Le Théâtre des Chinois/Le Bouddhisme au théâtre

Calmann Lévy (p. 122-133).
TROISIÈME PARTIE, LES PIÈCES.


II


LE BOUDDHISME AU THÉÂTRE


Nous n’avons pas à la scène de spectacles religieux proprement dits ; mais il existe un grand nombre de pièces comiques où il est question de bouddhisme et de Tao, et, comme ces pièces ne sont que des satires des mœurs religieuses des sectateurs de Bouddha et du Tao, il m’a paru nécessaire d’entrer dans quelques développements au sujet de ces religions, pour mieux faire apprécier les intentions de la satire. D’autant que ce sera une manière aussi agréable que nouvelle d’apprendre le catéchisme des religions les plus anciennes de l’humanité. Le bouddhisme et la secte du Tao sont parfaitement inconnus, — et je le comprends ; — mais on peut en parler sans trop fatiguer l’attention, et en faire un sujet intéressant.

La religion de Bouddha ou de Fô domine en Chine, au Thibet, à Siam, en Cochinchine, au Japon. Originairement, elle parut, plus de mille ans avant l’ère chrétienne, dans l’Inde, où elle fut traitée comme une hérésie. Persécutée par les brahmanes, la religion nouvelle se répandit chez tous les peuples avec la promptitude qui est spéciale aux réformes. Les bouddhistes ne sont pas autre chose, en effet, que des réformés. Ils passèrent, il y a trois mille ans, pour des libéraux et des révolutionnaires, et, pendant de longs siècles, ce fut en Inde une discorde d’opinions théologiques qui passionna les savants et les sages.
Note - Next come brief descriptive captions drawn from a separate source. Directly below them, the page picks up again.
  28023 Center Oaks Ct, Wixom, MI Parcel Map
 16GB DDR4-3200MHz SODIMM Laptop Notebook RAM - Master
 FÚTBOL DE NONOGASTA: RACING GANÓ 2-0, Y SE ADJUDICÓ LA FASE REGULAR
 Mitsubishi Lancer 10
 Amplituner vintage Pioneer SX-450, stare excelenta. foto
Cette hérésie ne portait pas seulement sur des points de doctrine ; Bouddha visait à exercer une influence sur l’esprit de ses disciples en leur proposant la pratique de la vertu. C’était grave. La méthode consistait à ne pas mentir, à ne pas se marier, à ne pas boire de vin. C’était, comme on le voit, des moyens violents.

S’il n’y avait eu que le prestige des nouveaux articles de foi pour soutenir le crédit de la religion nouvelle, je crois que les brahmanes orthodoxes n’auraient pas eu de grandes difficultés à terrasser l’erreur ; mais on avait habilement raconté que la mère de Bouddha avait avalé, en rêve, un éléphant, et cette circonstance irrésistible, jointe à d’autres de même force, avait profondément excité le fanatisme des réformés.
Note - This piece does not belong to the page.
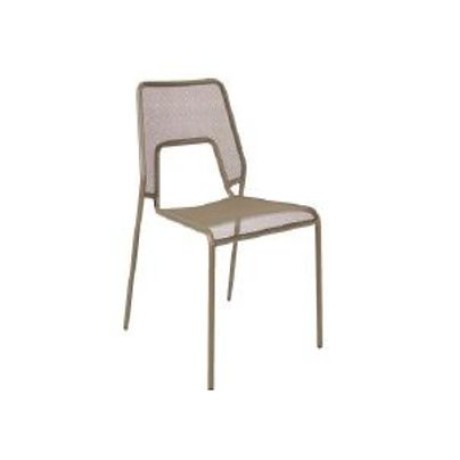 Gold Mesh Outdoor Metal Chair mtd8293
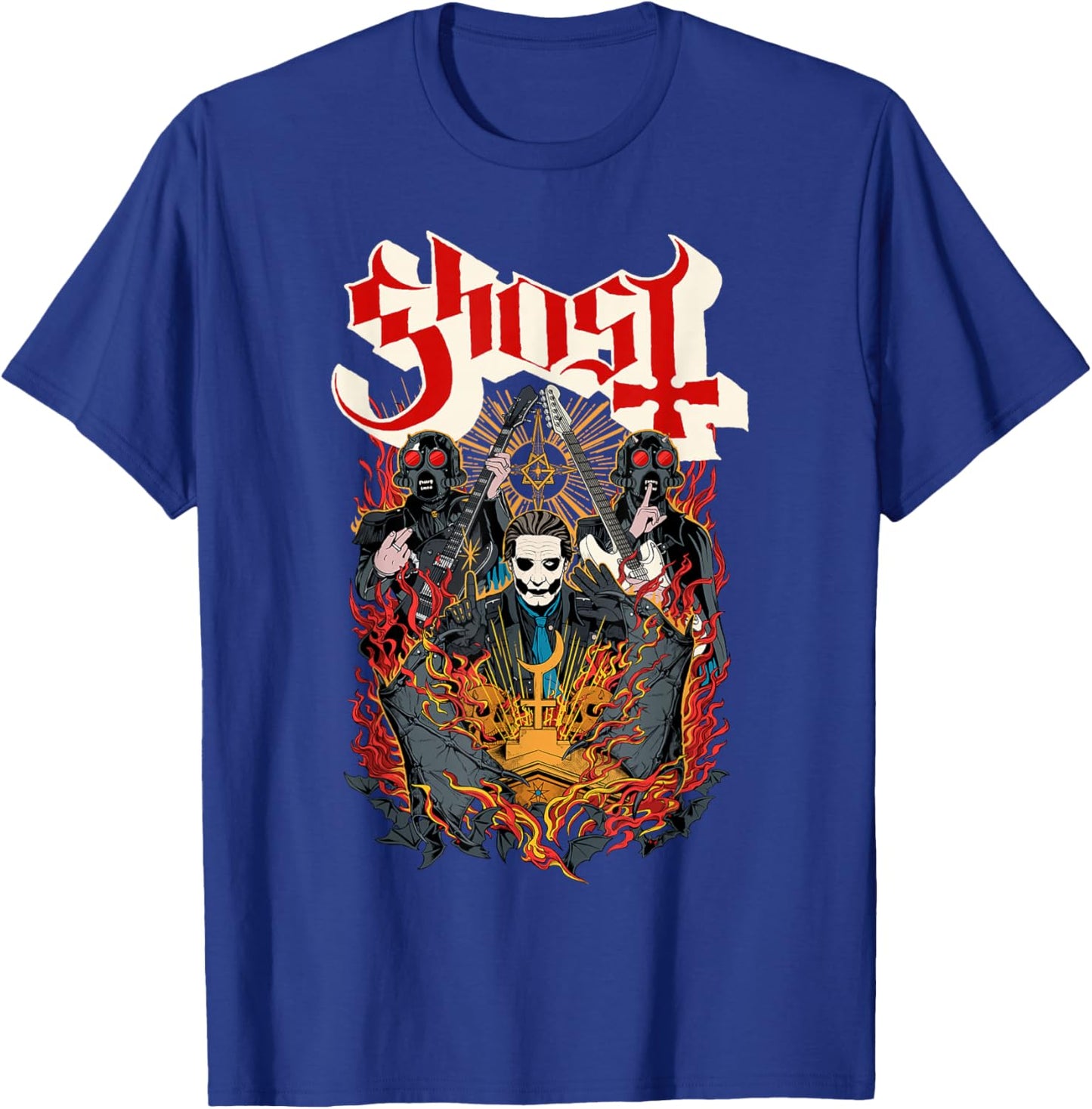 Ghost – Secret Of The Muse T-Shirt - T-Shirt | Royal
Dès lors, la religion était fondée, et Bouddha pouvait faire croire qu’il était devenu un dieu, sous le nom de Fô.

Ce n’est qu’un siècle après l’ère chrétienne que le bouddhisme fut importé en Chine, où il opéra des merveilles. Ses bonzes, observant le jeûne et le célibat, semblèrent des êtres d’une espèce supérieure. Puis ils avaient des coutumes qui flattaient les nôtres ; leur culte envers les morts les rendit populaires. En peu de temps, leurs monastères devinrent Irès nombreux, très florissants et très influents.

Ils avaient une méthode excellente, qui est à recommander à tous les contrefacteurs de religion. Ils enseignaient une doctrine, mais ils n’exigeaient pas qu’on en remplît rigoureusement les devoirs. Il suffisait, pour combler les lacunes, de faire quelques petits cadeaux aux idoles. Ils avaient inventé un ciel, un purgatoire et un enfer, et, selon les cotisations, on passait de l’un à l’autre. Ces bonzes connaissaient leur espèce humaine, quoique célibataires. Ils savaient que les Chinois croyaient au principe du rachat des fautes par la pratique de la bienfaisance, et ils en avaient travesti le sens profondément humain, en lui donnant un but beaucoup moins élevé. C’est ainsi que les meilleures doctrines se corrompent.

Au fond, le système théorique des bouddhistes est une sorte d’annihilation mentale. Elle conduit à la manie et au fanatisme, et il n’est pas rare que des disciples trop fervents se tuent, dans l’impatience de voir se réaliser les rêves de leur imagination. L’accomplissement des devoirs de la vie et la résignation aux maux qui nous arrivent sont des vertus bien plus hautes que ces exagérations fantaisistes. Aussi le gouvernement chinois a-t-il, dans un temps, résolument combattu les maximes du bouddhisme, contraires aux lois établies. On fit des persécutions, ce qui ne réussit jamais contre les religions. L’événement le prouva. Le bouddhisme résista à la violence des colères officielles et demeura la religion du peuple à qui il faut toujours des dieux, qu’ils soient de bois ou de bronze.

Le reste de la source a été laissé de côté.